Poi iniziò a progettare lui stesso. Abbandonata West Dean andò a vivere poco distante, a Monkton House, un edificio costruito agli inizi del secolo dal padre. Lì, insieme a Dalí, all’arredatrice Syrie Maugham e ad altri artisti, allestì un paesaggio onirico, ibridando mobili tradizionali con creazioni allucinate come il divano Mae West lips (la bocca scarlatta dell’attrice trasformata in sofà), la lampada fatta con coppe di champagne metalliche sovrapposte e il telefono aragosta, tutti disegnati da Dalí su idee dello stesso James. Per coprire i gradini di una scala a chiocciola fece tessere una moquette in cui erano stampate le impronte della moglie a ricordo di quando aveva percorso gli stessi gradini appena uscita dalla doccia.

Poi arrivò la guerra, e il richiamo della terra ancestrale lo portò su un altro versante dell’eccentricità, anche quello non estraneo a scrittori e artisti dell’epoca: misticismo, Messico e, inevitabilmente, droga. Iniziò dalla colonia di pittori e scrittori a Tao, fondata da Mabel Dodge, dove venne apprezzato per lo spirito e l’allegria.
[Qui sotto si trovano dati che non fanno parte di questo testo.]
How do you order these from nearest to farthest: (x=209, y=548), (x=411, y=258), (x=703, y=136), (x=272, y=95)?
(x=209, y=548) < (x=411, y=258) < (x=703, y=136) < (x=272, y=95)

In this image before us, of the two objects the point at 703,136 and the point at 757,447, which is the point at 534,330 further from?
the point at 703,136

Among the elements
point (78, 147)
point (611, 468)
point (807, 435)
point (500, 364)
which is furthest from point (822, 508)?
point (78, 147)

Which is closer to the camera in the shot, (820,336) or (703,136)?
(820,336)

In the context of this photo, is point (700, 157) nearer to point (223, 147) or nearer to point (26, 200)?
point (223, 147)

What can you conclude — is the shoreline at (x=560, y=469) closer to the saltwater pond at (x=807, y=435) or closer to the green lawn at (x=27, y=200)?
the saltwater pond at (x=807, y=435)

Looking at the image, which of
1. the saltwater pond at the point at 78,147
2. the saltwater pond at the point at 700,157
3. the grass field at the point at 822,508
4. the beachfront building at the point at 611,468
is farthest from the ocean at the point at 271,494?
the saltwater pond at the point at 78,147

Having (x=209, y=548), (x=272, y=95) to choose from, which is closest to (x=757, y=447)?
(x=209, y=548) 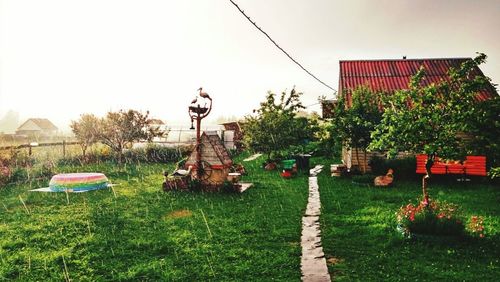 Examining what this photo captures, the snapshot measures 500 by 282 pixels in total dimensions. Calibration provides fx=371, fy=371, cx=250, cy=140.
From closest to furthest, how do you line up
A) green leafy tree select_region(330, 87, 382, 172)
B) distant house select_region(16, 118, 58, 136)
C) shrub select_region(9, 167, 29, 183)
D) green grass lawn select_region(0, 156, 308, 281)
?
1. green grass lawn select_region(0, 156, 308, 281)
2. shrub select_region(9, 167, 29, 183)
3. green leafy tree select_region(330, 87, 382, 172)
4. distant house select_region(16, 118, 58, 136)

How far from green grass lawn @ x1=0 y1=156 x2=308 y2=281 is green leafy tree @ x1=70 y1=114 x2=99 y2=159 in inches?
308

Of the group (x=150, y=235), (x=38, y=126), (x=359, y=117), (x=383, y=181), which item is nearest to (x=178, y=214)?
(x=150, y=235)

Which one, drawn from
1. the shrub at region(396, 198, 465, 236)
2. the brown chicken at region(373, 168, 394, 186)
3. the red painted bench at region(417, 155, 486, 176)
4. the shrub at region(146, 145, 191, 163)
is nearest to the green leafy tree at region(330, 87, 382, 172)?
the brown chicken at region(373, 168, 394, 186)

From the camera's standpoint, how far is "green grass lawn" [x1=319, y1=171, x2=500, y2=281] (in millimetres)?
6152

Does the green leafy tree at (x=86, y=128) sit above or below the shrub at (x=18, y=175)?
above

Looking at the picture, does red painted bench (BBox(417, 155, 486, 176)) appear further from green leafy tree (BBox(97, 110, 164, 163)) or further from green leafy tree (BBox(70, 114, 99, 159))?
green leafy tree (BBox(70, 114, 99, 159))

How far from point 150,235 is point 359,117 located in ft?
37.2

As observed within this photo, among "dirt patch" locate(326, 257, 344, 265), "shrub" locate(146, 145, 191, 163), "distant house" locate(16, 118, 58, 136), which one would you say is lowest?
"dirt patch" locate(326, 257, 344, 265)

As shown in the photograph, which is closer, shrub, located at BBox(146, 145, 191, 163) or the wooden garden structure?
the wooden garden structure

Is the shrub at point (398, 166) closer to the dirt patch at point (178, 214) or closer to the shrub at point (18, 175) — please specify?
the dirt patch at point (178, 214)

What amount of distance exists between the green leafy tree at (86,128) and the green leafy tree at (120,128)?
296 mm

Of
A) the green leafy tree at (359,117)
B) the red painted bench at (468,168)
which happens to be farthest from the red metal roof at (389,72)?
the red painted bench at (468,168)

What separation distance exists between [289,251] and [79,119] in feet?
61.2

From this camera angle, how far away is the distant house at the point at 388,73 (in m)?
20.9
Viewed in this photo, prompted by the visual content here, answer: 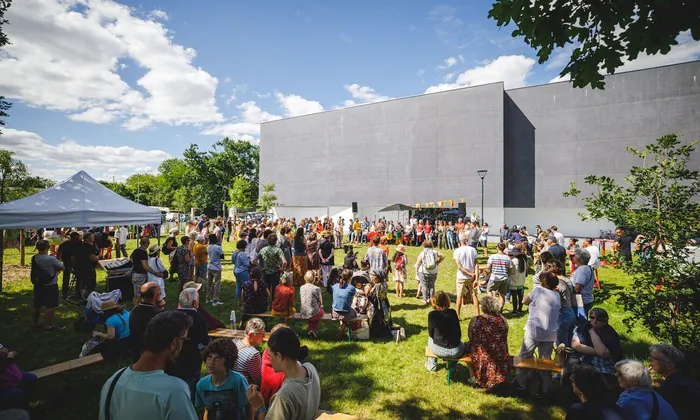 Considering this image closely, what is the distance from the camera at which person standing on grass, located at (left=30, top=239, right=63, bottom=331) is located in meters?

Poi iniziò a girare il paese intero, insieme a Plutarco Gastélum, un giovanotto bello e un po’ primitivo che divenne l’amore degli anni a venire. Con lui costruì finalmente la sua opera maestra, Las Pozas a Xilitla, uno dei più esuberanti paesaggi surrealisti con vertiginose strutture in cemento e acque gocciolanti inestricabilmente circondate da una flora lussureggiante.

I costi di quella Villa d’Este stregata lo costrinsero a vendere quasi tutta la sua collezione d’arte. West Dean, vuota, fu destinata a divenire un’energica scuola per lo studio delle tecniche artigianali e il restauro di manufatti di vario tipo, tuttora operante con successo. Monkton invece fu messa in vendita nel 1987 dalla fondazione Edward James che la possedeva, tre anni dopo la morte del proprietario. In Inghilterra si scatenò allora una campagna affinché la casa fosse considerata un bene da preservare, ma ogni sforzo fu inutile. Nel 2016 si tenne un’asta in cui andarono dispersi più di centocinquanta lotti, fra cui disegni di Pavel Tchelitchew, Christian Bérard, il divano e il telefono aragosta di Dalí.

Ma la moquette con le impronte dei piedi di Tilly Losch, considerata una delle più bislacche testimonianze dell’arredo surrealista, è stata conservata e rimontata con grande rispetto nella scuola di West Dean.